Wheels has a bit of a love interest in Tami, but as she and Barry are already a couple, it’s clearly not gonna happen, and as the book goes on, he sees her true colors. But speaking of love interests, earlier on in the book, it was mentioned that Lucy had asked Wheels to the fall dance— he’d said no because he thought she was just doing it out of pity. Can you imagine Lucy and Wheels going out? I sure can’t; I feel like she’d get sick of his sh*t after, like, five minutes.
But this isn’t just a run-of-the-mill “Wheels getting into trouble” story; there’s a lot of deep stuff in here, too. His parents and their death are discussed at length, and what I found saddest of all is how many times in this book Wheels wishes he’d died with them.
I liked that they gave Wheels and Joey’s friendship a little backstory; apparently they’d known each other since nursery school, and he’d always felt much closer to Joey than he did to Snake. And indeed, Joey is a really good friend in this story— even as Wheels is shutting him out, Joey still does whatever he can to make it clear that he’s here for him.

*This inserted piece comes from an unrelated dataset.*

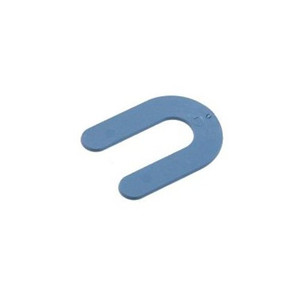 1-1/2" X 2" Plastic Horseshoe Shim - 1/16" Thick (Pack of 100)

The continuity, for the most part, is really good, but there’s some slight inconsistencies with the show towards the end when the events of “Taking Off” are retold… while in the show, it seems to take place in the springtime, in the book, it happens shortly after Christmas break. And in the show, what set off Wheels and made him want to go to Port Hope to begin with was some spat he had with his grandmother over dishes or grades or something relatively petty… in the book, it’s because he’s been arrested for shoplifting and she is making good on her threat to call Children’s Aid. Also, he is clearly on speaking terms with Joey and Snake by this point in the show… they come to say goodbye and see him off… but in the book, though they do come and give him a couple bucks for his troubles, they aren’t exactly happy to do it. I can see why these changes were made, for the sake of the book’s pacing and all that, but it also unfortunately means that this book isn’t really canon.

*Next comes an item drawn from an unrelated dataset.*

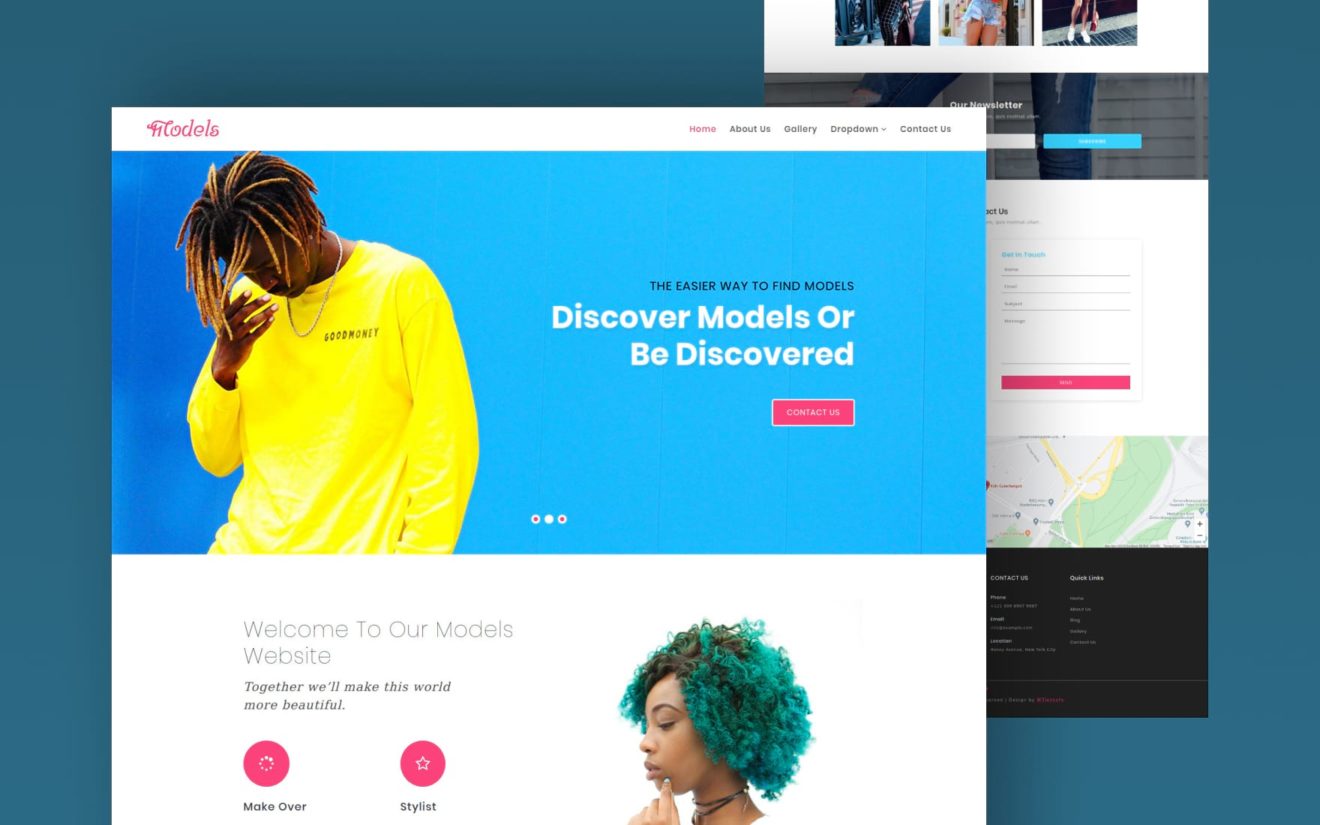 Models a Fashion Category Bootstrap Responsive Web Template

Aside from that, I think this book was otherwise very well-written, not only with regards to the show, but by itself— that is, I think even someone who has never seen or heard of Degrassi in their life could really enjoy this book. While it was fun for a big fan like me to read, the story isn’t wholly dependent on you knowing all about the show’s universe and whatnot. And I also appreciated, and I know many of you guys will too, that it wasn’t written in a “kiddy” sort of tone. And at roughly 200 pages, it was a pretty damn substantial read.
Anyway, I wound up ordering the Maya book on Amazon as well. I’m a few chapters in, but I’ve not gotten the chance to finish it yet… when I do, I’ll be sure to post a review of it here.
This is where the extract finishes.